Convenience store group McColl’s was valued at £200m as it listed on the Stock Exchange today.
McColls revealed an offer price of 191p per share.
The offer of 69.5 million shares is expected to raise £132.8m, made up of a “primary component” of £49.7m and secondary sales of £83.1m.
The secondary sales will comprise a partial sell-down by executive directors of McColls, various other employees, investor Cavendish Square Partners and a full sell-down by the trustee of the employee incentive trust. McColls most senior 25 staff have shares in the company.
Conditional dealings started at 8am today and unconditional trading will begin this Friday, February 28.
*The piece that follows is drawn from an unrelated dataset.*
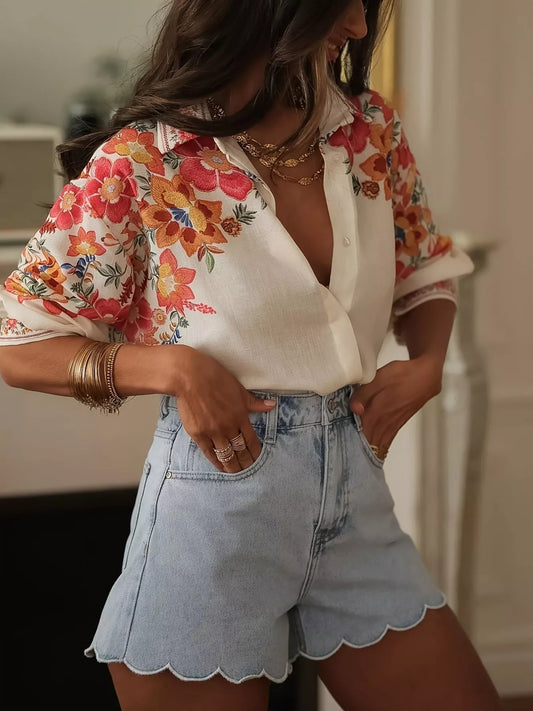 Floral Print Button Up Shirt - Rollexi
McColl’s executive chairman and chief executive James Lancaster said: “We are delighted with the strong interest that we have seen from investors in McColl’s. The success of this initial public offering is a clear endorsement of the quality of the business and its clear prospects for future growth and profitability. It will enable us to accelerate our growth strategy, further enhancing our position in a rapidly growing convenience market.
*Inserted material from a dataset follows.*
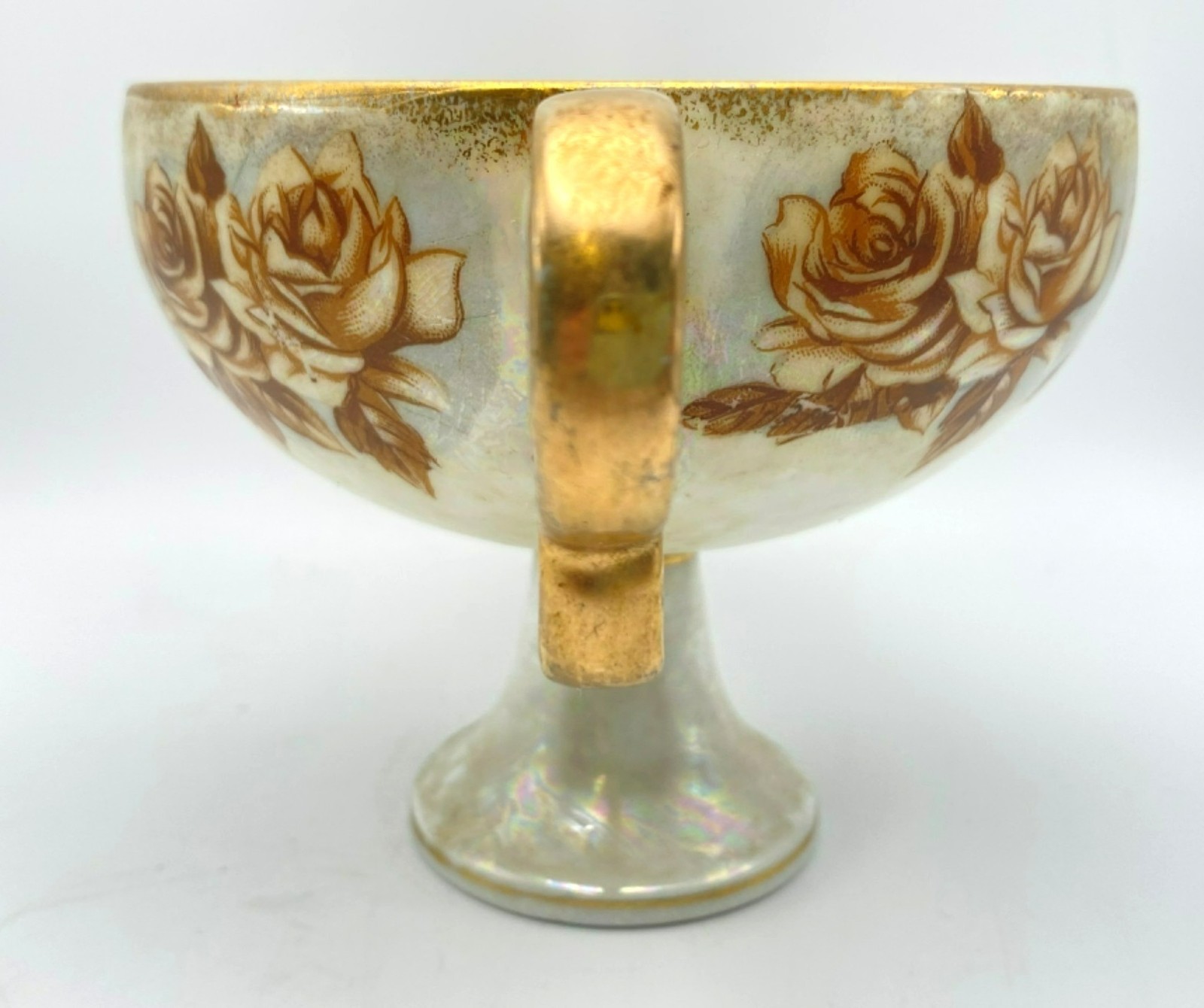Royal Sealy Double Loop Handle Rose Lusterware Opalescent Porcelain Dish RARE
“We are pleased to welcome our new shareholders and look forward to our next phase of development as a listed company.”
Numis acted as sponsor, bookrunner and financial adviser on the listing. Livingstone Partners acted as financial adviser to McColls.
Lancaster told Retail Week that the IPO process had been “very, very hard work”. He said: “We have got the message over to our management that investors are not buying what we have done but what we are doing in the future.
Lancaster added that McColl’s decision to IPO was not influenced by any other retailer’s decision to float. “I do not know who else coming down the track the line for certain but some people have said ‘are you jumping on the the bandwagon but that’s not fair as I have the reigns of the bandwagon in my hands,” he said.